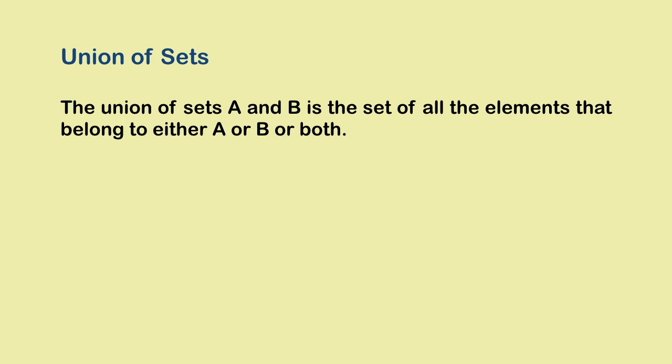First, the union of sets. If we have two sets A and B and we bring together all the elements in the two sets to form a new set, we get the union of the two sets.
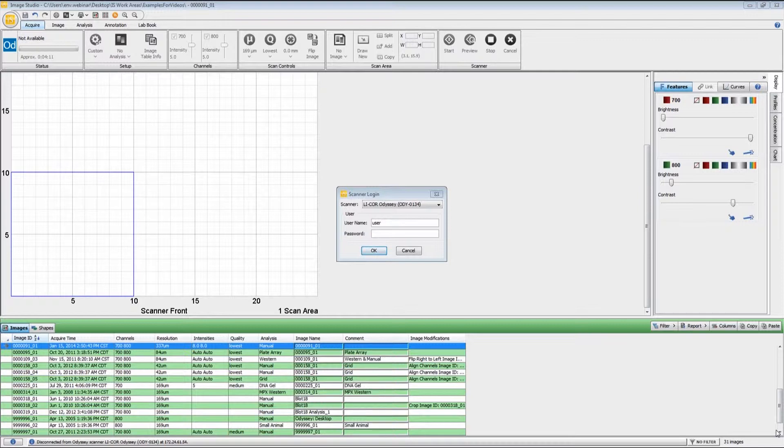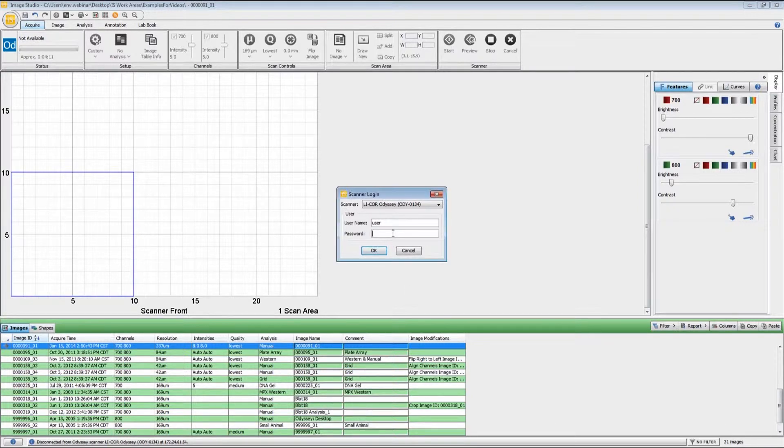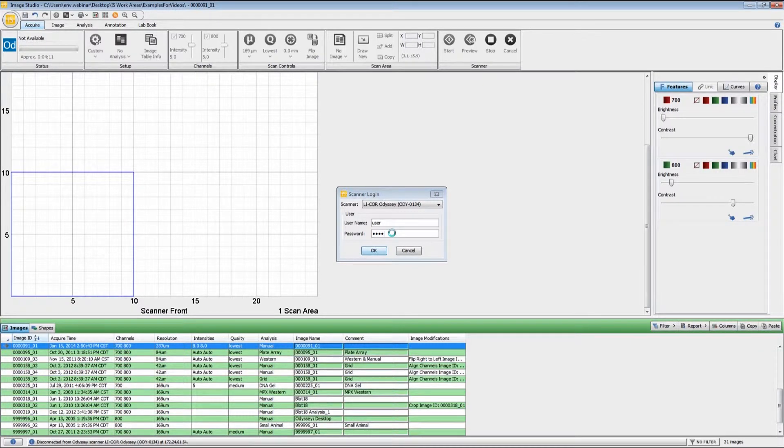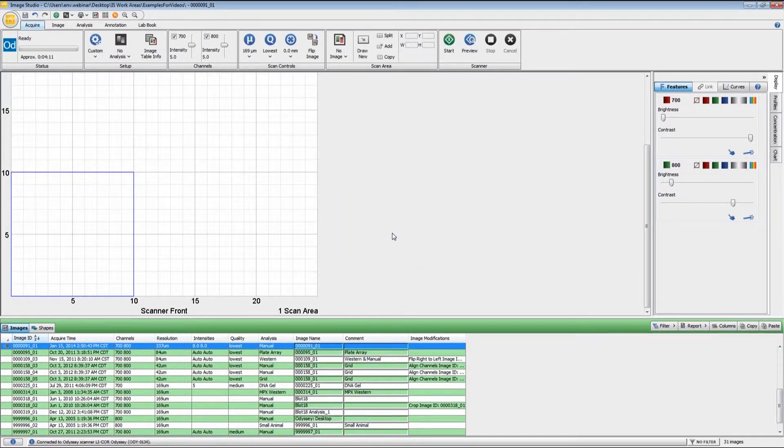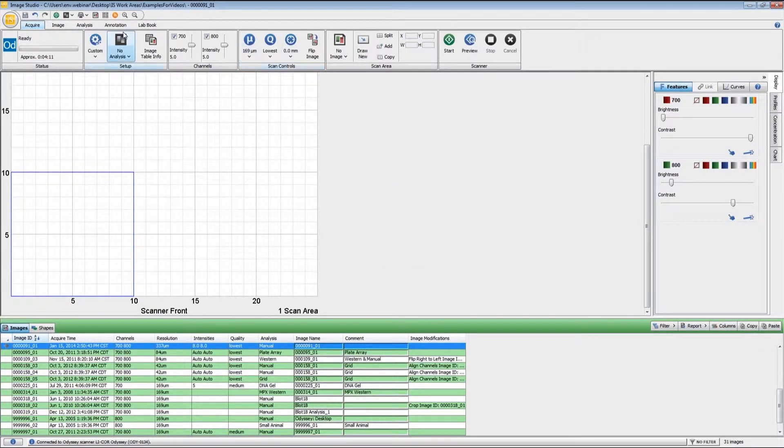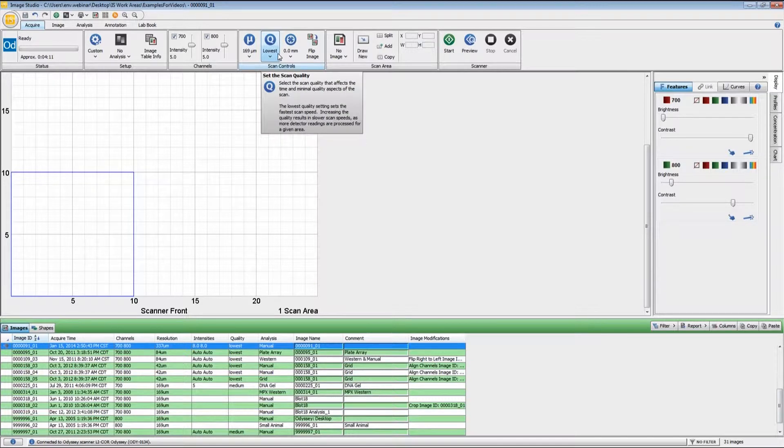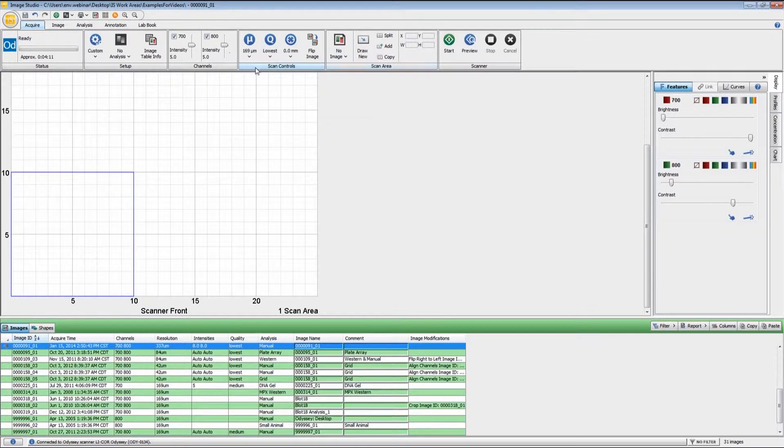When you open up Image Studio, it should try to make a connection with the instrument. You enter in your username and password and press OK. Once that connection has been established, the buttons here on the Acquire ribbon will become active.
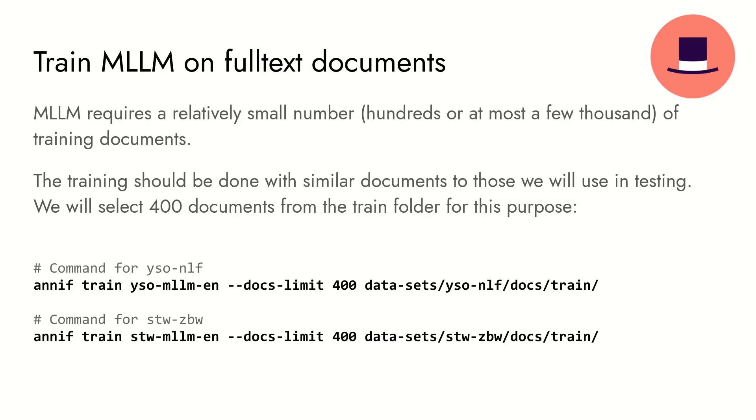Next we train MLLM with some full text documents. MLLM requires a relatively small amount of training data. The training should be done with similar documents to those we will use in testing. You can run the training using the Annif train command. We will use the docs-limit option to select 400 full text documents from the train subset.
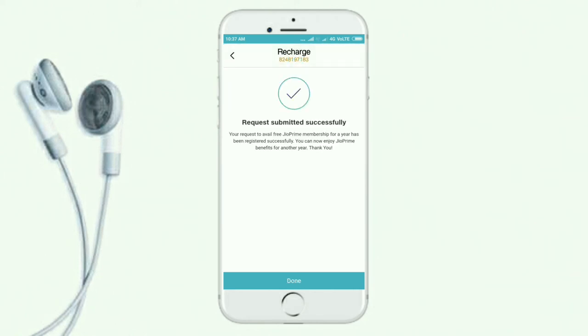You can click the Request Submitted button. You can click for 24 hours.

What the task requires >> Return the material above verbatim. Pictures are to be excluded.

Output below >>
First, the union of sets. If we have two sets A and B and we bring together all the elements in the two sets to form a new set, we get the union of the two sets.
When you open up Image Studio, it should try to make a connection with the instrument. You enter in your username and password and press OK. Once that connection has been established, the buttons here on the Acquire ribbon will become active.
Next we train MLLM with some full text documents. MLLM requires a relatively small amount of training data. The training should be done with similar documents to those we will use in testing. You can run the training using the Annif train command. We will use the docs-limit option to select 400 full text documents from the train subset.
You can click the Request Submitted button. You can click for 24 hours.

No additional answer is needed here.